[Crash-utility] Miscellaneous fixes/enhancements to crash 4.0-2.10

Wed Nov 9 22:36:50 UTC 2005

Castor Fu wrote:

> On Wed, 9 Nov 2005, Dave Anderson wrote:
>
> > Castor Fu wrote:
> >
> >> Hi guys:
> >>
> >> We're trying to bring in a newer version of crash, and have
> >> some changes which we've made since going to version 4.0-2.10
> >> which I'll outline below, and have attached a patch:
> >>
> >> 1. Makefile,  help.c, extensions.c, new file kw.c
> >>       Add a keyword expansion mechanism to the 'extend' command.
> >>      We did this primarily to let us load different extensions
> >>      based on the dump file itself or the version of crash.
> >>
> >>      +"\n  The named <shared-object> is subjected to a simple keyword expansion",
> >>      +"  scheme with the following rules:",
> >>      +"    $(crash_version)       version of crash",
> >>      +"    $(corestr-<varname>)   string named <varname> taken from the core file",
> >>      +"    $(builddir)            build directory for the kernel",
> >
> > I still have no idea what this does?  Can you expand upon how this works,
> > what does it do, what does it looks like, can it be ignored, etc?  Couldn't
> > this kind of thing can be self-contained in each extension module?
> > It just seems to be way too "implementation-specific" for lack of a
> > better term?
>
> Consider a set of extension commands which rely on some data structure
> which tends to change from version to version of say, a device driver.
> The extension code could, with a great deal more work, be written
> to extract structure offsets, etc. from the debugging information,
> but it's much easier to just '#include' the header file.
>
> This way, one could have something like
>
>      extend /usr/lib/crash/fc$(corestr-fc_version).o
>
> in one's .crashrc, and the appropriate extensions could be loaded without
> the person analyzing the crash having to figure out which version it came from
> right away.
>

Wow.  You guys have gone way beyond whatever I could have
imagined for extensions!

I'm going to have to let this one stew for a while...

>
> [ Along these lines, I'm trying to look at a RHEL diskdump and I must
> be missing the point about how one  pulls together the modules to
> look at the dump.  I have the rpm kernel-debuginfo-2.6.9-22.EL loaded, and all the
> kernel modules have .debug appended on the filename so 'mod -S' doesn't work.  ]

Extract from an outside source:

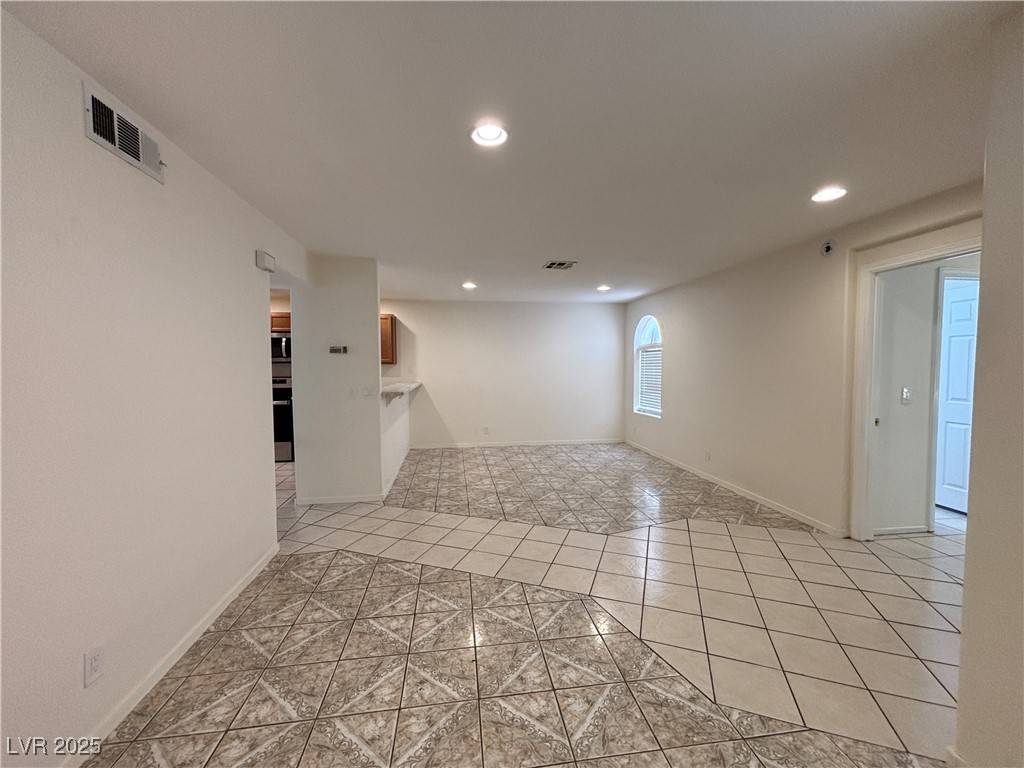 Las Vegas, NV 89146,1800 Edmond ST #127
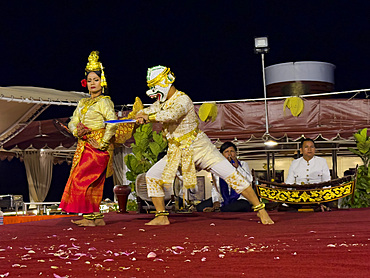 Apsara dancers performing traditional Khmer dances on the M/V Jahan during dinner, Angkor, Cambodia, Indochina, Southeast Asia, Asia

Not sure why it doesn't work for you.  The module.ko files come with the base
kernel package.  The debuginfo package just supplements them with debug data.

>
>
> One could also implement this with an expect wrapper which would give one much
> more generality, but then everyone is going to end up with their own little
> wrapper....
>
> ...
>
> >> 6.  task.c
> >>      Be more defensive about the value of tc->processor
> >>
> >
> > Why is it necessary to do a verify_task() again -- it had to
> > have gone through verify_task() in order to get here, right?
> > What exactly did you see that required this?
>
> We've seen dumps where the task structures get corrupted by
> other bad pointers, and crash tended to just give up the ghost
> because of dereferencing tc->processor which would get
> set to some ridiculous value.
>
> I think I've seen errors at both these spots, but one or the
> other may have been from searching through the code for tc->processor.
>

Ok -- I figured that it was due to some unnatural dumpfile.
Anyway, it's harmless, and if it works in those cases, that's fine.

>
> >
> > --- crash-4.0-2.10/task.c       2005-11-07 07:44:06 -08:00
> > +++ crash-4.0-2.10-new/task.c   2005-11-07 18:57:19 -08:00
> > @@ -2942,7 +2942,7 @@
> >                        fprintf(fp, "(SYSRQ)");
> >                else if (machdep->flags & INIT)
> >                        fprintf(fp, "(INIT)");
> > -               else if (kt->cpu_flags[tc->processor] & NMI)
> > +               else if (verify_task(tc, 2) && kt->cpu_flags[tc->processor] & NMI)
> >                        fprintf(fp, "(NMI)");
> >                else if (tc->task == tt->panic_task)
> >                        fprintf(fp, "(PANIC)");
> >
> > This I'm presuming is related to the above, but again, what did you
> > see that requires this?:
> >
> > @@ -4337,7 +4340,8 @@
> >
> >         tc = FIRST_CONTEXT();
> >         for (i = 0; i < RUNNING_TASKS(); i++, tc++) {
> > -               if (task_has_cpu(tc->task, NULL)) {
> > +               if (task_has_cpu(tc->task, NULL)
> > +                    && tc->processor >= 0 && tc->processor < NR_CPUS) {
> >                        tt->panic_threads[tc->processor] = tc->task;
> >                        found++;
> >                }
> >
> >
> >>      Also, try to set the panic string correctly in when decoding dump.
> >
> > This is LKCD specific anyway, right?
>
> I don't think so.  in get_panicmsg() it looks like there's code which
> is trying to get the panicmsg from either tt_panicmsg or LKCD.
>
> This string will get overwritten by looking through the msgbuf...
>

Yeah -- I should have mentioned that the get_panicmsg() code is only
satisfied by ancient MCLX-style dumpfiles.  I'm pretty sure nobody
still has any of those...

So it is LKCD only, which is fine.

>
> >> 7.  x86.c
> >>
> >>      Be a little more liberal deciding that the frame pointer has been included.
> >>      gcc 3.x can re-schedule code so that instead of
> >>
> >>          push bp
> >>          mov esp, bp
> >>
> >>      we sometimes see
> >>
> >>          push bp
> >>          xor eax,eax
> >>          move esp, bp
> >>
> >>      so detect both sequences.
> >
> > This looks reasonable.  Didn't think anybody built kernels that way anymore...
>
> You mean nobody builds with frame pointers anymore?  I guess we do because it's easier
> to debug.  Having 'bt' pull out the arguments on the stack is nice.   If we can get
> similar functionality without frame pointers, we'd be happy to chuck them...
>
>      -castor

Thanks,
  Dave